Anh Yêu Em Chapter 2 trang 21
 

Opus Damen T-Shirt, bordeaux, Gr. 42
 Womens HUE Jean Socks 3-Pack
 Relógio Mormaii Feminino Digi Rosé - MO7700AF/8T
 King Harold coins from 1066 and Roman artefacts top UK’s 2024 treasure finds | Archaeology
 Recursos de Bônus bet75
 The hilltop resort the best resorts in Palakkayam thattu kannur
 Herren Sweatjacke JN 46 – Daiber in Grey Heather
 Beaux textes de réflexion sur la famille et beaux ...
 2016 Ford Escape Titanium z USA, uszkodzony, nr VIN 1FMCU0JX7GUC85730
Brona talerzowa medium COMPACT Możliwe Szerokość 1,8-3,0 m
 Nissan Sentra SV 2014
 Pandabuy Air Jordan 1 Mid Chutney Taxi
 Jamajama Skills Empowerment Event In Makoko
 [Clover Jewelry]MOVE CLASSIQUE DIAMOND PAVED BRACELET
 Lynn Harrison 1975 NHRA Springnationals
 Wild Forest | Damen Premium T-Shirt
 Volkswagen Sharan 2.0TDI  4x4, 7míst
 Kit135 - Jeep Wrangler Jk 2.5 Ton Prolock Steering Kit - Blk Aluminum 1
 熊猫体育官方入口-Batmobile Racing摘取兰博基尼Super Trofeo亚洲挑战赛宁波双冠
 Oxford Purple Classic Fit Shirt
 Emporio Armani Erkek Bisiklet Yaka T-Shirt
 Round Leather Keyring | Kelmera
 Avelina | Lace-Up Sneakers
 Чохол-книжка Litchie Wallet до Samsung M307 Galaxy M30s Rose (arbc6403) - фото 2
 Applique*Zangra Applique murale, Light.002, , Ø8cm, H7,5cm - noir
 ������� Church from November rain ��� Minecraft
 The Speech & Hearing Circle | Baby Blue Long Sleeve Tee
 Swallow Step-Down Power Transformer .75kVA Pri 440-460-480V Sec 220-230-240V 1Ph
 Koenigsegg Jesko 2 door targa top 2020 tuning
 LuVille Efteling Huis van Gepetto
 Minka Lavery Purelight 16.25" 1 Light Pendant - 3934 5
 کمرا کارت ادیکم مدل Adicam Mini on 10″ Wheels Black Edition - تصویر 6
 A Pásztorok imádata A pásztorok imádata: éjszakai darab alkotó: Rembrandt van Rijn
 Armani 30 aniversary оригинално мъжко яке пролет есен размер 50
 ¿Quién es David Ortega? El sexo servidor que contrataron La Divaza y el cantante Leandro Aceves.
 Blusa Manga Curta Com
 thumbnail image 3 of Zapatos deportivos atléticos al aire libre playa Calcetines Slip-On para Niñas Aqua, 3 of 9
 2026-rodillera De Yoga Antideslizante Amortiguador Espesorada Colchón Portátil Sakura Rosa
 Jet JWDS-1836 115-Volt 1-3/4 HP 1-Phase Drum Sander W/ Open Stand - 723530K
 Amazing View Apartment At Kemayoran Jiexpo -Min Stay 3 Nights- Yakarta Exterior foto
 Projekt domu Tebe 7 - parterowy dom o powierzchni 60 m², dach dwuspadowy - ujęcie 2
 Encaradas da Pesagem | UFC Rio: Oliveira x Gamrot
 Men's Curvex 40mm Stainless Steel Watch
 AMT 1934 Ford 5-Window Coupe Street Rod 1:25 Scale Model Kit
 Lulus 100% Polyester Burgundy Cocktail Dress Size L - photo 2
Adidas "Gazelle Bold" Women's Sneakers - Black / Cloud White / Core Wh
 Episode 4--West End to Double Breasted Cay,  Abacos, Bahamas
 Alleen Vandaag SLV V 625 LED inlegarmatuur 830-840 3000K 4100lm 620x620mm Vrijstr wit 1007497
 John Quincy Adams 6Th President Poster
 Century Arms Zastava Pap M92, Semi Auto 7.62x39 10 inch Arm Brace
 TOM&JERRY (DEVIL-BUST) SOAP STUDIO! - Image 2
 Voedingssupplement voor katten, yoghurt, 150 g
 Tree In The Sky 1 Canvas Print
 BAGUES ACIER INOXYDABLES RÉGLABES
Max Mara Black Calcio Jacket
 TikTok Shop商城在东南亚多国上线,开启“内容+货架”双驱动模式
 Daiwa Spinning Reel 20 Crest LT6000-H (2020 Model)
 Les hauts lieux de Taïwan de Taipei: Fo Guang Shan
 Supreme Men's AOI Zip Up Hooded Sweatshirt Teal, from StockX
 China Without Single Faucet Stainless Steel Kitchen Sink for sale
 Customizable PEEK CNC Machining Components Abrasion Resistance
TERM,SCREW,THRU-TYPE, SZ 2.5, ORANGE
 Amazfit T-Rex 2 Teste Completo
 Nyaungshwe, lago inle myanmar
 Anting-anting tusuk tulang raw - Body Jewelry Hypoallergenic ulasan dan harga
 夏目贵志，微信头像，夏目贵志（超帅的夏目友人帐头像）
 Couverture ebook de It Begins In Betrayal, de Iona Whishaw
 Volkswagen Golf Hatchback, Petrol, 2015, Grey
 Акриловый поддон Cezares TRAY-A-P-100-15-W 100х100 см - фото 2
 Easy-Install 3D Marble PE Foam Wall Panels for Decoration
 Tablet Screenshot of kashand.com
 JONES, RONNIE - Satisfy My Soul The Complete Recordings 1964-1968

------------------------------------

= Directions =
Emit an exact copy of the lines spanning the start of the records to the line containing "thumbnail image 3", inclusive, and no other output.

= Task solution =
Anh Yêu Em Chapter 2 trang 21
 

Opus Damen T-Shirt, bordeaux, Gr. 42
 Womens HUE Jean Socks 3-Pack
 Relógio Mormaii Feminino Digi Rosé - MO7700AF/8T
 King Harold coins from 1066 and Roman artefacts top UK’s 2024 treasure finds | Archaeology
 Recursos de Bônus bet75
 The hilltop resort the best resorts in Palakkayam thattu kannur
 Herren Sweatjacke JN 46 – Daiber in Grey Heather
 Beaux textes de réflexion sur la famille et beaux ...
 2016 Ford Escape Titanium z USA, uszkodzony, nr VIN 1FMCU0JX7GUC85730
Brona talerzowa medium COMPACT Możliwe Szerokość 1,8-3,0 m
 Nissan Sentra SV 2014
 Pandabuy Air Jordan 1 Mid Chutney Taxi
 Jamajama Skills Empowerment Event In Makoko
 [Clover Jewelry]MOVE CLASSIQUE DIAMOND PAVED BRACELET
 Lynn Harrison 1975 NHRA Springnationals
 Wild Forest | Damen Premium T-Shirt
 Volkswagen Sharan 2.0TDI  4x4, 7míst
 Kit135 - Jeep Wrangler Jk 2.5 Ton Prolock Steering Kit - Blk Aluminum 1
 熊猫体育官方入口-Batmobile Racing摘取兰博基尼Super Trofeo亚洲挑战赛宁波双冠
 Oxford Purple Classic Fit Shirt
 Emporio Armani Erkek Bisiklet Yaka T-Shirt
 Round Leather Keyring | Kelmera
 Avelina | Lace-Up Sneakers
 Чохол-книжка Litchie Wallet до Samsung M307 Galaxy M30s Rose (arbc6403) - фото 2
 Applique*Zangra Applique murale, Light.002, , Ø8cm, H7,5cm - noir
 ������� Church from November rain ��� Minecraft
 The Speech & Hearing Circle | Baby Blue Long Sleeve Tee
 Swallow Step-Down Power Transformer .75kVA Pri 440-460-480V Sec 220-230-240V 1Ph
 Koenigsegg Jesko 2 door targa top 2020 tuning
 LuVille Efteling Huis van Gepetto
 Minka Lavery Purelight 16.25" 1 Light Pendant - 3934 5
 کمرا کارت ادیکم مدل Adicam Mini on 10″ Wheels Black Edition - تصویر 6
 A Pásztorok imádata A pásztorok imádata: éjszakai darab alkotó: Rembrandt van Rijn
 Armani 30 aniversary оригинално мъжко яке пролет есен размер 50
 ¿Quién es David Ortega? El sexo servidor que contrataron La Divaza y el cantante Leandro Aceves.
 Blusa Manga Curta Com
 thumbnail image 3 of Zapatos deportivos atléticos al aire libre playa Calcetines Slip-On para Niñas Aqua, 3 of 9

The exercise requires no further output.